EA in 2008, Yahoo chat, no texting, a few phone calls, never met in person. I wasn’t in love with the OM. He was a lesser man than my husband. Older, balder, less educated. I cheated because I wanted attention. Someone to tell me I’m smart, pretty, fun etc. I wasn’t interested in sex. I sent naked pics of me because it kept him saying nice things to me. I used him. I was selfish, didn’t think about anyone but me. At some point during the affair I thought I was just getting even for the early years of my marriage. I know I was trying to find a way to justify what I was doing so I could keep doing it. I know I was cheating and I know what I did was wrong but since I had talked myself into justifying it, I was able to look at myself and be sort of okay.

My husband caught me by looking through my computer because he felt something wasn’t right. I don’t regret getting caught. I ended the affair on D-day. I sent the OM a message explaining it was over and to not contact me again. My husband watched me type and send it.

I never missed the OM, it wasn’t a big deal to end it. I didn’t grieve or mourn. Having to quit coffee would have been worse.
We went through the usual roller coaster and there was trickle truth. Some details I didn’t tell. I didn’t tell right away that I had sent the OM naked photos of me. He found them on my computer and showed them to me along with other photos from porn sites. He told me that I was posting intimate photos of me on porn sites and dating sites. I admitted to the photos that were mine, I denied the photos that were not mine. We went through a phase where he accused me of sleeping pretty much with everyone and their brother. I did not but since I cheated and lied, he didn’t believe me. He asked me to take a polygraph test and made an appointment. I couldn’t wait to get there! I couldn’t wait to answer whatever questions he had! The tester concluded that (based on the questions) that I did not sleep with anyone but my husband. My husband was thrilled about the results and it lasted for about a day. 

Things got worse from that point on. My husband had extreme mood swings from being all lovey dovey to depressed and aggressive all within a few hours. I didn’t know how to deal with it and what do to.

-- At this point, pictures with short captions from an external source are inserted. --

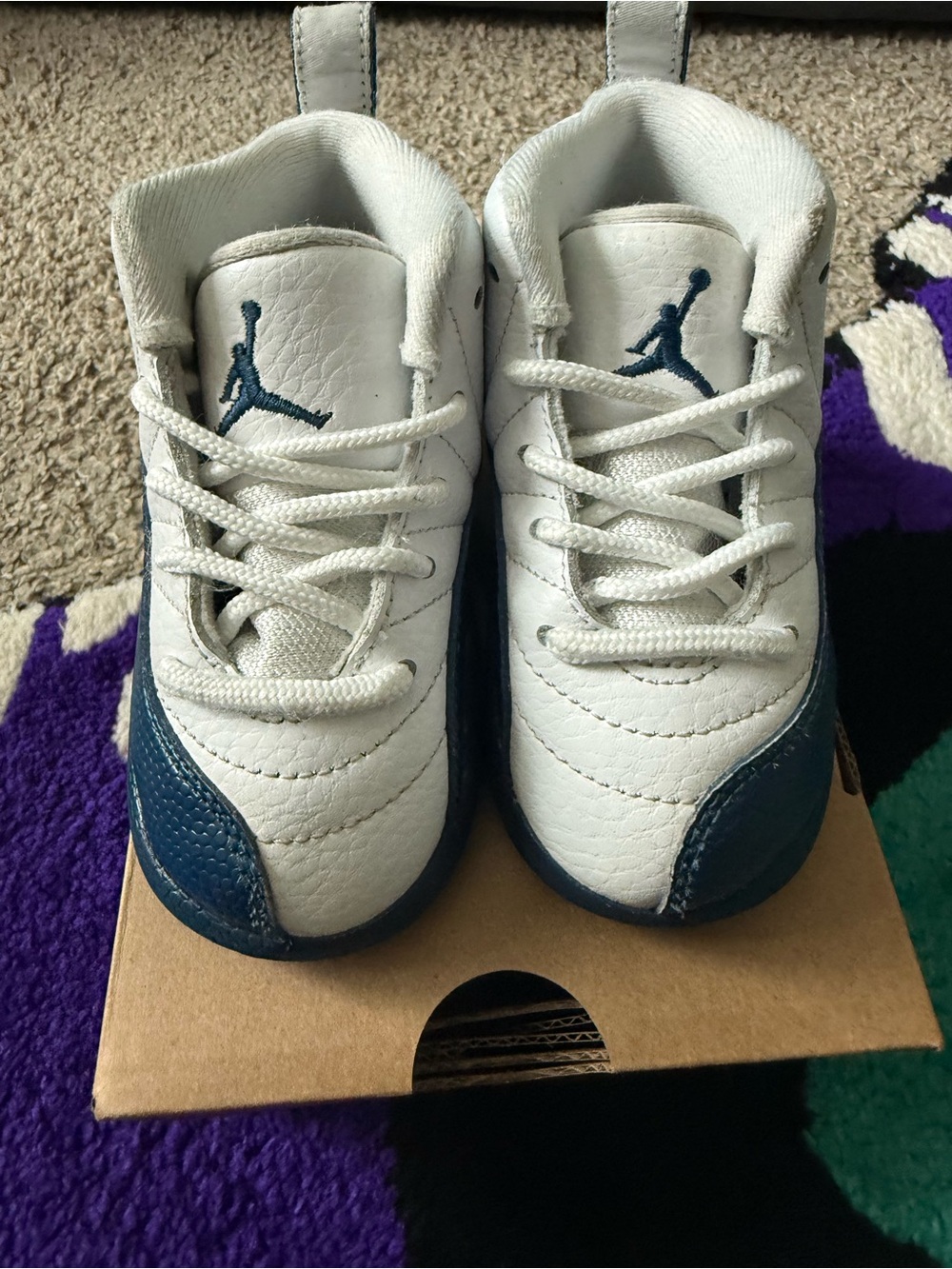 Jordan 12 French Blue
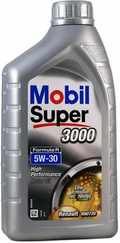 MOBIL SUPER 3000 FORMULA R 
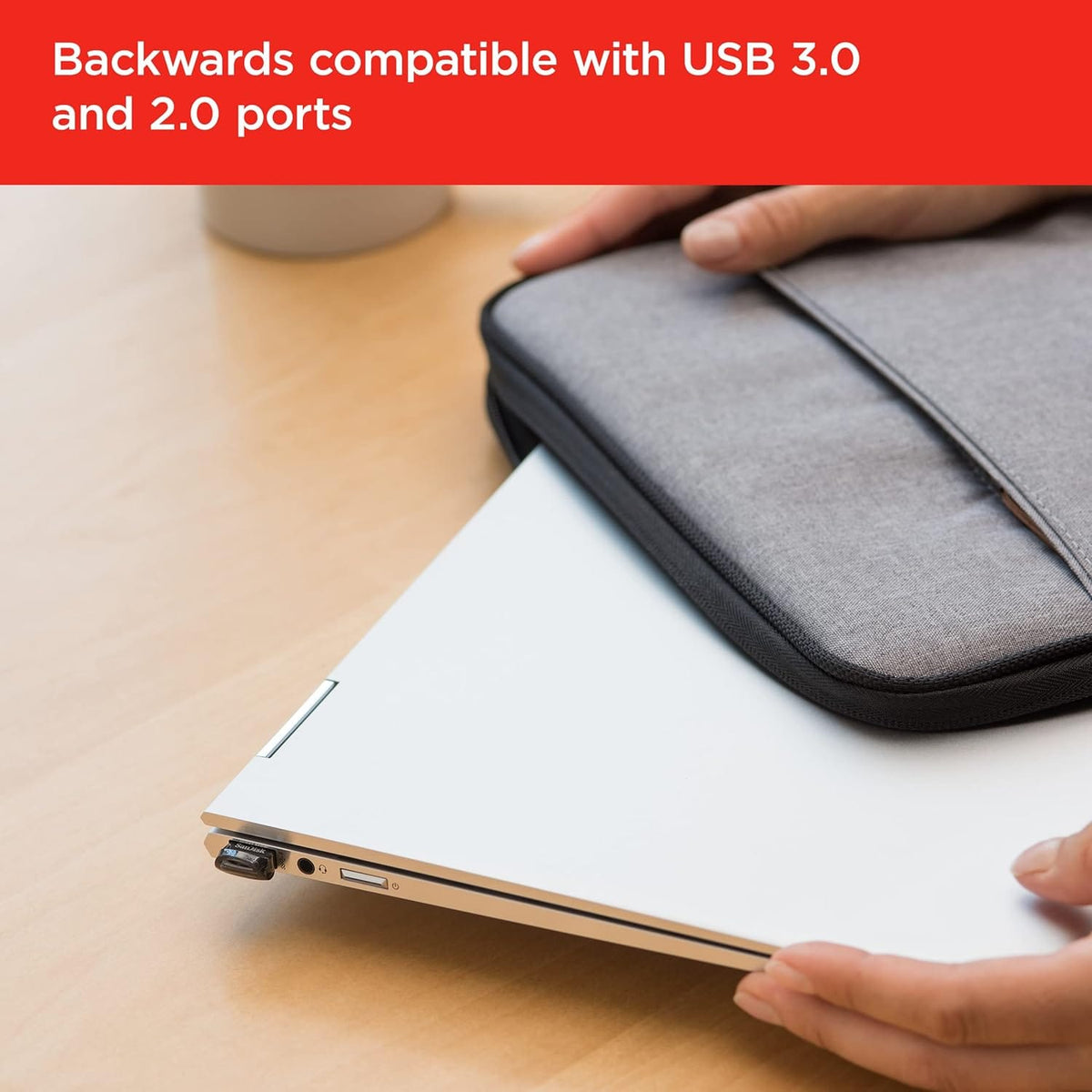 SanDisk Ultra Fit 1TB USB 3.2 Flash Drive 400MB/s High-Speed Memory Stick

Of course I knew it was a result of what I had done to him but I still didn’t know what to do, how to help, if I could or even should help. By that time, the economy had started tanking pretty bad and his business went down the drain at about the same rate as our marriage. We are kinda stuck to the area because of his parents and since there weren’t too many suitable jobs available for him, he started studying for his real estate license. I knew he did because it would allow him to keep a close eye on me. It didn’t bother me and turned out to be the best thing ever. I actually enjoy spending 24 hours with my husband and miss him if we happen to be apart for a while.
The economy tanked even more and there wasn’t much money to be made in real estate. My husband applied for a job overseas as a military contractor, which is his main profession. They sent him to Iraq. Having all these unresolved issues, it turned out to be a disaster. He couldn’t trust me to be all by myself and him being so far away. He came back after 4 mts. Shortly after that, both his daughters moved in with us. He hadn’t had any contact with them for years. Basically, it was 2 strangers with a baby moving in with us. Financial struggles and trying to blend two families took priority over everything else and stuff got swept under the rug. I ended up demanding his grown daughters find their own place to live and pay their own bills. This is an entirely different story in itself – nutshell: I’m not willing to give up my entire house and stock shelves at night at Walmart to support two grownups that have no respect for me, just not happening . They moved out. By then, our home was in foreclosure and we were still not making any money as Realtors. I started doing foreclosure evaluations for all the major lenders. It started picking up and I made pretty good money.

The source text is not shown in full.